▶ **Short web captions**:
------------------------
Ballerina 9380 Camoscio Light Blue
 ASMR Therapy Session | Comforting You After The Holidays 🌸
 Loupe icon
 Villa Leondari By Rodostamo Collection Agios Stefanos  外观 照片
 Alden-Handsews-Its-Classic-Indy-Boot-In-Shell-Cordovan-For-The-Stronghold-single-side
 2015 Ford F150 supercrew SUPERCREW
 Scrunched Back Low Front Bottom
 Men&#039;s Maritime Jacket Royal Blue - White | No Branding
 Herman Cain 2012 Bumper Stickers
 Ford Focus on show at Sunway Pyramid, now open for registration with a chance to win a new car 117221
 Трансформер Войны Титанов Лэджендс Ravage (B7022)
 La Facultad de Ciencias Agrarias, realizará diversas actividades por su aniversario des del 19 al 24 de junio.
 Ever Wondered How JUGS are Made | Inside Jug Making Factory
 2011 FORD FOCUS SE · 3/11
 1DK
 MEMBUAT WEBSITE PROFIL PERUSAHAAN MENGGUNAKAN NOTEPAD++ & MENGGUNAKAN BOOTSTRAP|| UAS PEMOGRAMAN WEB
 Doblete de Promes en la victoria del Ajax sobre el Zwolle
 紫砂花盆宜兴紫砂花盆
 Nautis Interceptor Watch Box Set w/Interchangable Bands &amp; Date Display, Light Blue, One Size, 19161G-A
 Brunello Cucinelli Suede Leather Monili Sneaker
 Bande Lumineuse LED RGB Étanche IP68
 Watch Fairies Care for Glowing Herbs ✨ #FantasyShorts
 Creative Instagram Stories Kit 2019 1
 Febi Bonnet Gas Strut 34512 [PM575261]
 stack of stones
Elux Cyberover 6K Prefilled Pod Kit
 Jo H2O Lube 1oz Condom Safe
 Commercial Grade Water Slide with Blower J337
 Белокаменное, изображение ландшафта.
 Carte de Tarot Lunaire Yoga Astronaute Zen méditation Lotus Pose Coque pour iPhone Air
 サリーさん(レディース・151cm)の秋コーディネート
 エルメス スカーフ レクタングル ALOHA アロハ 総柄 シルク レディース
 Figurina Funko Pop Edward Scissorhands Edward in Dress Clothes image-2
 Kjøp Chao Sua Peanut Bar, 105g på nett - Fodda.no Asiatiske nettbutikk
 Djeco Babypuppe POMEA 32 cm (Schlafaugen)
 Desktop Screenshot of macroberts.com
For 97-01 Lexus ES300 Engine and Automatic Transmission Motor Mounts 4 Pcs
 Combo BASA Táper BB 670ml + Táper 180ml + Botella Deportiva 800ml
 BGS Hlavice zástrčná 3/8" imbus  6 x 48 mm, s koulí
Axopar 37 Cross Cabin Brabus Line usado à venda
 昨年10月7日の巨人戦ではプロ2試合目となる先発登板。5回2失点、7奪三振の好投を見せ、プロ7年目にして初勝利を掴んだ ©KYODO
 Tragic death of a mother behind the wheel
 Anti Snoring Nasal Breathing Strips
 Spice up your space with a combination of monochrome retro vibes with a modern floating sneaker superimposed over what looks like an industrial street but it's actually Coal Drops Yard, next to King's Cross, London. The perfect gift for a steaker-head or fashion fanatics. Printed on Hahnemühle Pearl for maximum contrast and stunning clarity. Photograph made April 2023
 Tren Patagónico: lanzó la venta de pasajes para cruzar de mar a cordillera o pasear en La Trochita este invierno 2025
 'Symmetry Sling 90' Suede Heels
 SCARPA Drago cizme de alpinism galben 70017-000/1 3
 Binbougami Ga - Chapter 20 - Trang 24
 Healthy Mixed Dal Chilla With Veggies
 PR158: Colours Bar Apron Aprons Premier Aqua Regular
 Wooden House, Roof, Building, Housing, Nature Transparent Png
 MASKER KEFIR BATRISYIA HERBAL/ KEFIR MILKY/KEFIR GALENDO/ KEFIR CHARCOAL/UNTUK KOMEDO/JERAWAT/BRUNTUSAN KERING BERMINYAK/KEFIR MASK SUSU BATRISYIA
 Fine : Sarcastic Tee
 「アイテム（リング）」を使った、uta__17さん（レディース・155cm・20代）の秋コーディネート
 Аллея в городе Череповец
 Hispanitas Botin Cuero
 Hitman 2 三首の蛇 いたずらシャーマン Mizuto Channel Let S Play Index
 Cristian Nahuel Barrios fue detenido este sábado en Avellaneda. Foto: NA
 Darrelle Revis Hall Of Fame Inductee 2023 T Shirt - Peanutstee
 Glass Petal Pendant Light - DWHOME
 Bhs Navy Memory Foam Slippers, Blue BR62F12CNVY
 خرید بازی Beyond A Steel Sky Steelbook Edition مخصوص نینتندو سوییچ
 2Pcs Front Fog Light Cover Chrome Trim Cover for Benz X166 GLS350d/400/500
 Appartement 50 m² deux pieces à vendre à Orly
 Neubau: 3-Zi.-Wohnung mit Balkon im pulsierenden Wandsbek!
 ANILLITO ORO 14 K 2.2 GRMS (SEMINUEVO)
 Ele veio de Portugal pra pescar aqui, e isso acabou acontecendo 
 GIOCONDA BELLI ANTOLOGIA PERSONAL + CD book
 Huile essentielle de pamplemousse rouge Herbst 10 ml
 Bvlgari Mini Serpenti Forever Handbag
------------------------
▶ **Your goal**: Would you repeat all of the entries exactly?

▶ **The completed task**:
Ballerina 9380 Camoscio Light Blue
 ASMR Therapy Session | Comforting You After The Holidays 🌸
 Loupe icon
 Villa Leondari By Rodostamo Collection Agios Stefanos  外观 照片
 Alden-Handsews-Its-Classic-Indy-Boot-In-Shell-Cordovan-For-The-Stronghold-single-side
 2015 Ford F150 supercrew SUPERCREW
 Scrunched Back Low Front Bottom
 Men&#039;s Maritime Jacket Royal Blue - White | No Branding
 Herman Cain 2012 Bumper Stickers
 Ford Focus on show at Sunway Pyramid, now open for registration with a chance to win a new car 117221
 Трансформер Войны Титанов Лэджендс Ravage (B7022)
 La Facultad de Ciencias Agrarias, realizará diversas actividades por su aniversario des del 19 al 24 de junio.
 Ever Wondered How JUGS are Made | Inside Jug Making Factory
 2011 FORD FOCUS SE · 3/11
 1DK
 MEMBUAT WEBSITE PROFIL PERUSAHAAN MENGGUNAKAN NOTEPAD++ & MENGGUNAKAN BOOTSTRAP|| UAS PEMOGRAMAN WEB
 Doblete de Promes en la victoria del Ajax sobre el Zwolle
 紫砂花盆宜兴紫砂花盆
 Nautis Interceptor Watch Box Set w/Interchangable Bands &amp; Date Display, Light Blue, One Size, 19161G-A
 Brunello Cucinelli Suede Leather Monili Sneaker
 Bande Lumineuse LED RGB Étanche IP68
 Watch Fairies Care for Glowing Herbs ✨ #FantasyShorts
 Creative Instagram Stories Kit 2019 1
 Febi Bonnet Gas Strut 34512 [PM575261]
 stack of stones
Elux Cyberover 6K Prefilled Pod Kit
 Jo H2O Lube 1oz Condom Safe
 Commercial Grade Water Slide with Blower J337
 Белокаменное, изображение ландшафта.
 Carte de Tarot Lunaire Yoga Astronaute Zen méditation Lotus Pose Coque pour iPhone Air
 サリーさん(レディース・151cm)の秋コーディネート
 エルメス スカーフ レクタングル ALOHA アロハ 総柄 シルク レディース
 Figurina Funko Pop Edward Scissorhands Edward in Dress Clothes image-2
 Kjøp Chao Sua Peanut Bar, 105g på nett - Fodda.no Asiatiske nettbutikk
 Djeco Babypuppe POMEA 32 cm (Schlafaugen)
 Desktop Screenshot of macroberts.com
For 97-01 Lexus ES300 Engine and Automatic Transmission Motor Mounts 4 Pcs
 Combo BASA Táper BB 670ml + Táper 180ml + Botella Deportiva 800ml
 BGS Hlavice zástrčná 3/8" imbus  6 x 48 mm, s koulí
Axopar 37 Cross Cabin Brabus Line usado à venda
 昨年10月7日の巨人戦ではプロ2試合目となる先発登板。5回2失点、7奪三振の好投を見せ、プロ7年目にして初勝利を掴んだ ©KYODO
 Tragic death of a mother behind the wheel
 Anti Snoring Nasal Breathing Strips
 Spice up your space with a combination of monochrome retro vibes with a modern floating sneaker superimposed over what looks like an industrial street but it's actually Coal Drops Yard, next to King's Cross, London. The perfect gift for a steaker-head or fashion fanatics. Printed on Hahnemühle Pearl for maximum contrast and stunning clarity. Photograph made April 2023
 Tren Patagónico: lanzó la venta de pasajes para cruzar de mar a cordillera o pasear en La Trochita este invierno 2025
 'Symmetry Sling 90' Suede Heels
 SCARPA Drago cizme de alpinism galben 70017-000/1 3
 Binbougami Ga - Chapter 20 - Trang 24
 Healthy Mixed Dal Chilla With Veggies
 PR158: Colours Bar Apron Aprons Premier Aqua Regular
 Wooden House, Roof, Building, Housing, Nature Transparent Png
 MASKER KEFIR BATRISYIA HERBAL/ KEFIR MILKY/KEFIR GALENDO/ KEFIR CHARCOAL/UNTUK KOMEDO/JERAWAT/BRUNTUSAN KERING BERMINYAK/KEFIR MASK SUSU BATRISYIA
 Fine : Sarcastic Tee
 「アイテム（リング）」を使った、uta__17さん（レディース・155cm・20代）の秋コーディネート
 Аллея в городе Череповец
 Hispanitas Botin Cuero
 Hitman 2 三首の蛇 いたずらシャーマン Mizuto Channel Let S Play Index
 Cristian Nahuel Barrios fue detenido este sábado en Avellaneda. Foto: NA
 Darrelle Revis Hall Of Fame Inductee 2023 T Shirt - Peanutstee
 Glass Petal Pendant Light - DWHOME
 Bhs Navy Memory Foam Slippers, Blue BR62F12CNVY
 خرید بازی Beyond A Steel Sky Steelbook Edition مخصوص نینتندو سوییچ
 2Pcs Front Fog Light Cover Chrome Trim Cover for Benz X166 GLS350d/400/500
 Appartement 50 m² deux pieces à vendre à Orly
 Neubau: 3-Zi.-Wohnung mit Balkon im pulsierenden Wandsbek!
 ANILLITO ORO 14 K 2.2 GRMS (SEMINUEVO)
 Ele veio de Portugal pra pescar aqui, e isso acabou acontecendo 
 GIOCONDA BELLI ANTOLOGIA PERSONAL + CD book
 Huile essentielle de pamplemousse rouge Herbst 10 ml
 Bvlgari Mini Serpenti Forever Handbag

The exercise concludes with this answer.